START Information supplied

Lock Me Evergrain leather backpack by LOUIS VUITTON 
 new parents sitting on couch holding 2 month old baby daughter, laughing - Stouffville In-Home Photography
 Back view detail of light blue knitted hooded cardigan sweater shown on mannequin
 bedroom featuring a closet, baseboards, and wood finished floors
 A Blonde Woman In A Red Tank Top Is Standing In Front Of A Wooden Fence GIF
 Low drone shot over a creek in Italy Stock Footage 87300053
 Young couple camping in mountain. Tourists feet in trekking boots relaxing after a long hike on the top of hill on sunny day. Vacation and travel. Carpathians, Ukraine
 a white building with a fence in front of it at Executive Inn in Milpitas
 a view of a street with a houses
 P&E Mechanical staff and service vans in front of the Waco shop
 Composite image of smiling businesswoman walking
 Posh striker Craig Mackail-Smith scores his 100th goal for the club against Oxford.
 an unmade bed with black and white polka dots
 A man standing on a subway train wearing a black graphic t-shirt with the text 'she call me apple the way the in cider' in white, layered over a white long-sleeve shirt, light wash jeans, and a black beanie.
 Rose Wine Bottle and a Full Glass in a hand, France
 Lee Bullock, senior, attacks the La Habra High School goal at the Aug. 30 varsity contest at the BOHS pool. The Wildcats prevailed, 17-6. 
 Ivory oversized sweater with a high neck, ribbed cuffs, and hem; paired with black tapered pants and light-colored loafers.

END Information supplied

• What this task involves
Restate the listing above in full, exactly.

• Written reply
Lock Me Evergrain leather backpack by LOUIS VUITTON 
 new parents sitting on couch holding 2 month old baby daughter, laughing - Stouffville In-Home Photography
 Back view detail of light blue knitted hooded cardigan sweater shown on mannequin
 bedroom featuring a closet, baseboards, and wood finished floors
 A Blonde Woman In A Red Tank Top Is Standing In Front Of A Wooden Fence GIF
 Low drone shot over a creek in Italy Stock Footage 87300053
 Young couple camping in mountain. Tourists feet in trekking boots relaxing after a long hike on the top of hill on sunny day. Vacation and travel. Carpathians, Ukraine
 a white building with a fence in front of it at Executive Inn in Milpitas
 a view of a street with a houses
 P&E Mechanical staff and service vans in front of the Waco shop
 Composite image of smiling businesswoman walking
 Posh striker Craig Mackail-Smith scores his 100th goal for the club against Oxford.
 an unmade bed with black and white polka dots
 A man standing on a subway train wearing a black graphic t-shirt with the text 'she call me apple the way the in cider' in white, layered over a white long-sleeve shirt, light wash jeans, and a black beanie.
 Rose Wine Bottle and a Full Glass in a hand, France
 Lee Bullock, senior, attacks the La Habra High School goal at the Aug. 30 varsity contest at the BOHS pool. The Wildcats prevailed, 17-6. 
 Ivory oversized sweater with a high neck, ribbed cuffs, and hem; paired with black tapered pants and light-colored loafers.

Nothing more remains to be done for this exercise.